Although Pseudomonas aeruginosa (P. aeruginosa) can infect both animals and humans, there is a paucity of veterinary studies on antimicrobial resistance of P. aeruginosa in South Africa. Secondary data of canine clinical cases presented at the hospital from January 2007 to December 2013 was used. The following information was recorded: type of sample, the date of sampling and the antimicrobial susceptibility results. Frequencies, proportions and their 95% confidence intervals were calculated for all the categorical variables. In total, 155 P. aeruginosa isolates were identified and included in this study. All the isolates were resistant to at least one antimicrobial (AMR), while 92% were multi-drug resistant (MDR). Most isolates were resistant to lincomycin (98%), penicillin-G (96%), orbifloxacin (90%), trimethoprim-sulfamethoxazole (90%) and doxycycline (87%). A low proportion of isolates was resistant to imipenem (6%), tobramycin (12%), amikacin (16%) and gentamicin (18%). A high proportion of MDR-P. aeruginosa isolates was resistant to amoxycillin-clavulanic acid (99%), tylosin (99%), chloramphenicol (97%) and doxycycline (96%). Few (6%) of MDR-P. aeruginosa isolates were resistant to imipenem. Pseudomonas aeruginosa was associated with infections of various organ systems in this study. All P. aeruginosa isolates of P. aeruginosa exhibited resistance to β-lactams, fluoroquinolones and lincosamides. Clinicians at the hospital in question should consider these findings when treating infections associated with P. aeruginosa.
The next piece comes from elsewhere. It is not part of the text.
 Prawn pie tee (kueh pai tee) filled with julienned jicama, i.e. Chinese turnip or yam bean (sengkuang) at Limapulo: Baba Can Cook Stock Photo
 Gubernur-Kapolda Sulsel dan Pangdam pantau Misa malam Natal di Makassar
尽管铜绿假单胞菌可感染动物和人类,但南非关于铜绿假单胞菌耐药性的兽医研究较少。本研究使用了2007年1月至2013年12月期间该医院犬类临床病例的二级数据。记录了以下信息:样本类型、采样日期和药敏结果。计算了所有分类变量的频率、比例及其95%置信区间。本研究共鉴定并纳入了155株铜绿假单胞菌分离株。所有分离株均对至少一种抗菌药物耐药(AMR),而92%为多重耐药(MDR)。大多数分离株对林可霉素(98%)、青霉素G(96%)、奥比沙星(90%)、甲氧苄啶-磺胺甲恶唑(90%)和强力霉素(87%)耐药。低比例的分离株对亚胺培南(6%)、妥布霉素(12%)、阿米卡星(16%)和庆大霉素(18%)耐药。高比例的多重耐药铜绿假单胞菌分离株对阿莫西林-克拉维酸(99%)、泰乐菌素(99%)、氯霉素(97%)和强力霉素(96%)耐药。很少(6%)的多重耐药铜绿假单胞菌分离株对亚胺培南耐药。在本研究中,铜绿假单胞菌与各种器官系统的感染有关。所有铜绿假单胞菌分离株均对β-内酰胺类、氟喹诺酮类和林可酰胺类耐药。该医院的临床医生在治疗与铜绿假单胞菌相关的感染时应考虑这些发现。